If you want to have an HVAC system that keeps your indoor temperature comfortable and does not hamper the peace and quiet in your Bay Area house, you need to invest in systems that are not very loud.
When you are purchasing a new HVAC system and looking for features like energy efficiency and affordability, take the sound level into consideration as well.
Here are some tips to keep in mind when choosing a quiet HVAC system.
- Check the Decibel Rating
Just like energy efficiency ratings (SEER for instance), every HVAC system has a decibel rating (dB) that denotes the intensity of its sound. Higher the decibel rating, louder is the system.
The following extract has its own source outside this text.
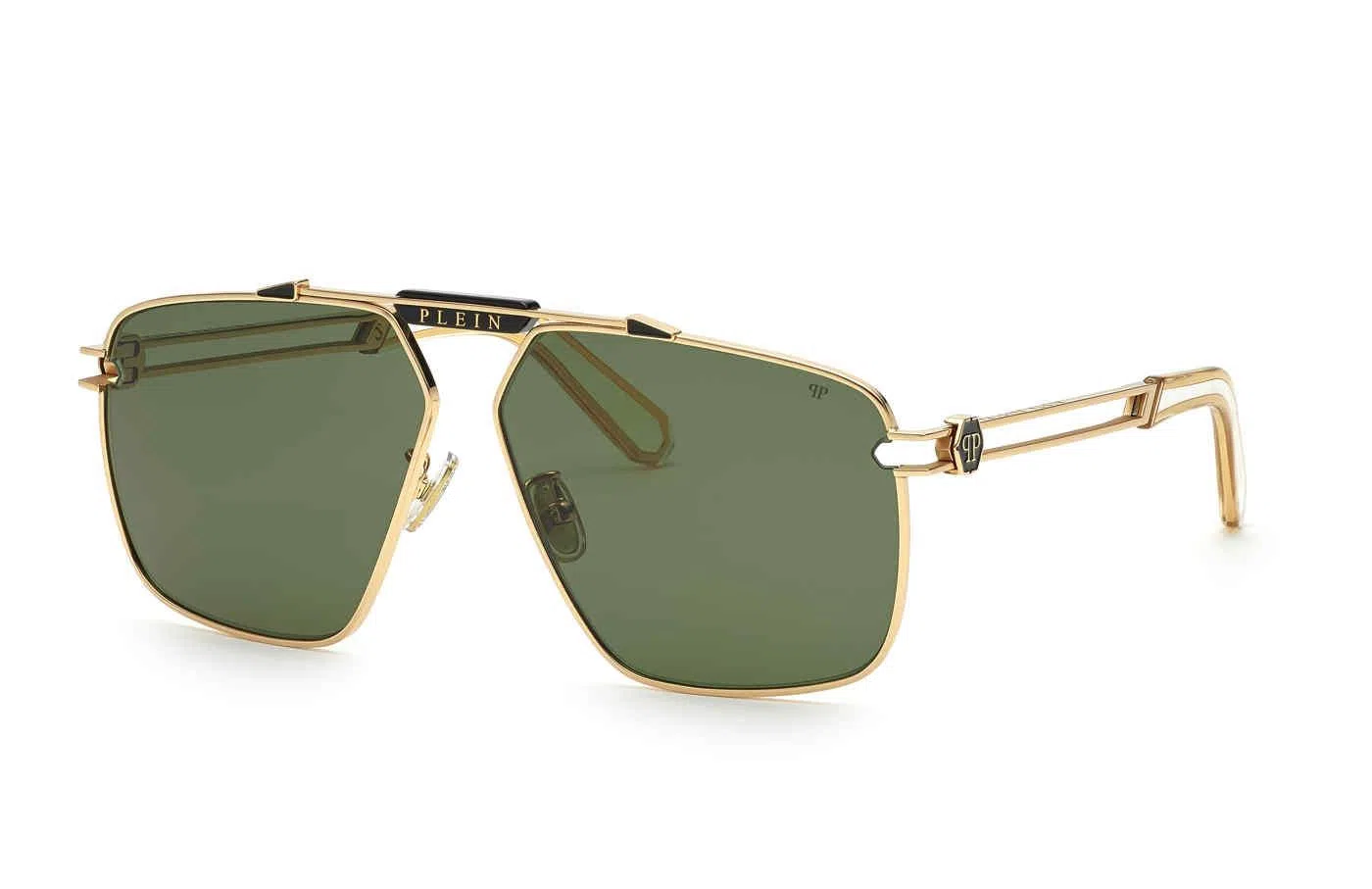 Philipp Plein SPP049M Sunglasses - view 2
Lower the decibel rating, quieter the system will be.
So, if you are looking for a quiet HVAC system, you must check and compare the decibel rating of different HVAC brands and products.
- Decibel Rating in General Terms
You may not have any idea how much noise 50dB or 80dB is, when you read it in the system features. So here is a general frame of reference (by Purdue University) to help you understand noise levels and to gauge the sound level that you will be comfortable with.
- A normal conversation at home is about 50dB.
- Restaurant conversations are around 60dB.
- 70dB is considered “annoyingly loud”. The sound of a vacuum cleaner, for example.
- A garbage disposal would be around 80dB.
An HVAC system that has a rating of about 60db or less is generally preferred for homes. The quietest HVAC systems are those that have a decibel rating between 50-60Db.
- Sound Reducing Features
Generally, the starting and stopping of the system fan is a noise that some may find quite loud. Also, in summers, the HVAC system is running constantly to keep indoor temperature to the desired comfort level and hence runs at its highest decibel level.
But apart from low decibel level ratings, you can also look for these other features that help lower the sound your system makes.
a. Variable speed fans
When it is not very hot, your system fans do not need to run at full speed. If they run at a low speed, sound will automatically reduce.
b. Noise reducing fan blades
Certain systems have noise reducing fan blades that are designed keeping aerodynamics in mind, so that they create less noise even as they rotate.
c.Compressor insulation mounts
These mounts reduce noise by using vibration damping material. They also provide optimum levelling and alignment so that the compressor sound is reduced as much as possible.